Repeating actions or ideas isn't always a bad idea, especially when you miss something the first time.
For example, the Dream Defender protestors that have occupied the Florida governor's offices for most of the last month kept up their repeated demands for the Florida Legislature to officially revisit the 'Stand Your Ground' laws this fall. After being beaten over the head for nearly a month with the same basic request, the Republican-led Florida House decided to bow to common sense on Friday, agreeing to officially revisit the law this fall.
If all Republican legislators would show that kind of good sense, chaos wouldn't be looming over Capitol Hill this fall. Sadly, common sense doesn't seem to be common at all among Republicans on the Hill. Even in the face of opposition from their own party, some GOP extremists in Congress like Sen. Ted Cruz, Sen. Marco Rubio, and Sen. Mike Lee continue to insist they'll shut down the Federal government in October unless they get everything they want.

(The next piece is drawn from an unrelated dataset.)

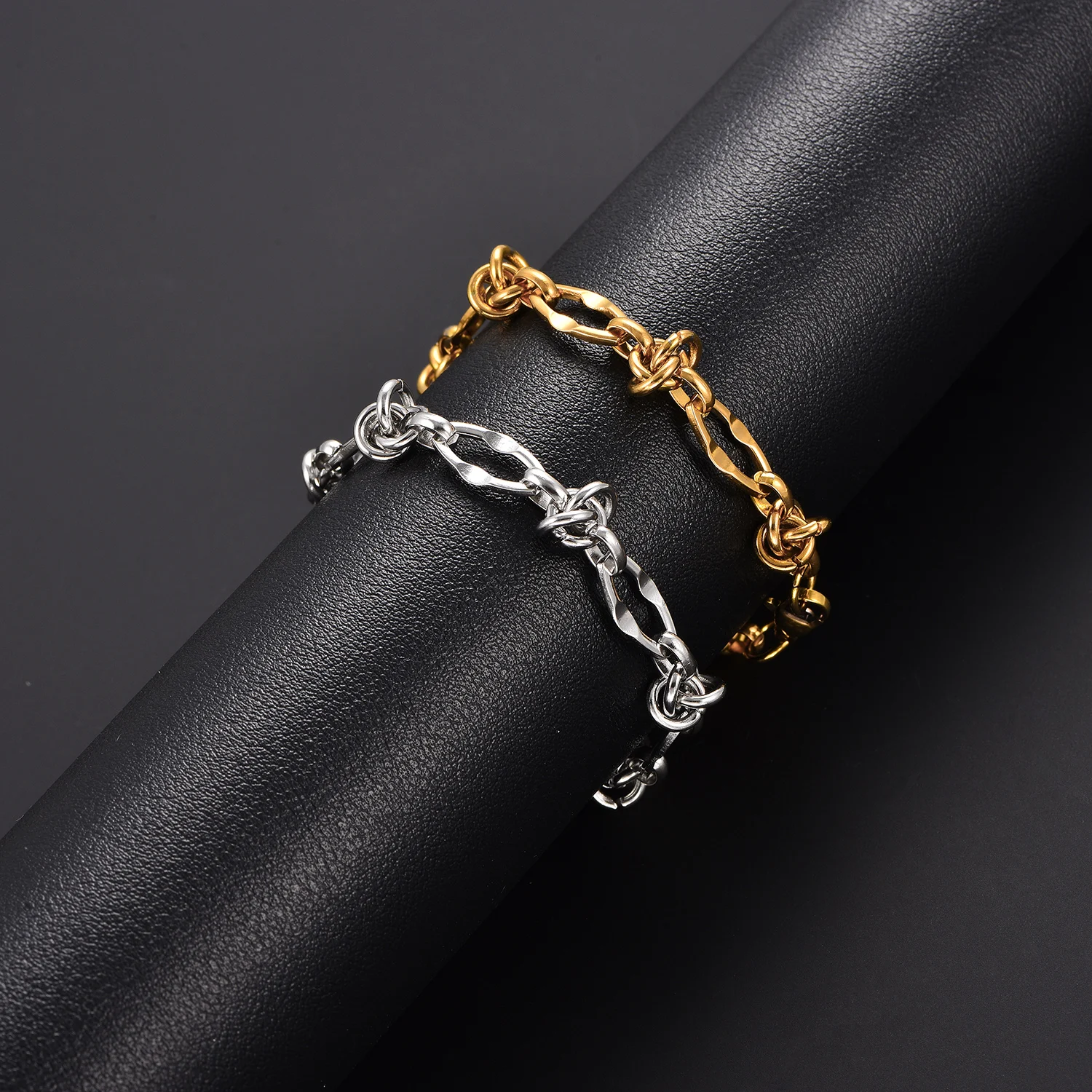 Hip-Hop Herrenarmband aus Edelstahl, geknotete Handkette, vergoldet, einzigartiger, klobiger Gliederarmreif, Punk-Schmuck für Jungen – Detail 3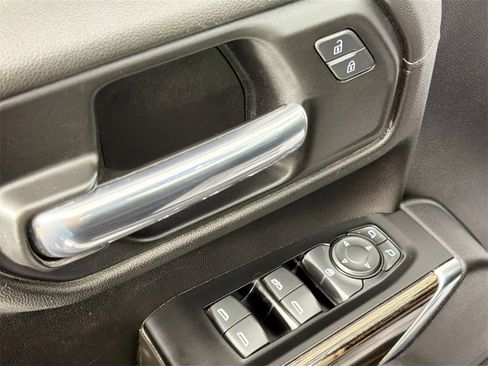 Used 2019 GMC Sierra 1500 Elevation image 17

That same kind of smashingly stupid repetition by House Republicans was on full display at the end of last week. For the FORTIETH time, Republicans in the House voted to repeal Obamacare, just before Congress members from both parties ran out of town for a five week recess, leaving massive amounts of work left undone.
As Rachel Weiner pointed out last week, those 40 votes in the House against Obamacare - or the 28 similar votes in the Senate - won't stop the Affordable Care Act from going into effect. That fortieth repeal vote didn't help the economy either - help that Friday's positive but disappointing jobs report showed our economy could really use.
As Steve Benen reported, most of the numbers in Friday's jobs report weren't bad - but they weren't great either. The July jobs report continued to make clear that Americans are still fighting the economic drag from unnecessary sequestration, while also fighting worries that the GOP Congress will blow up the debt ceiling and shut down the government when October comes.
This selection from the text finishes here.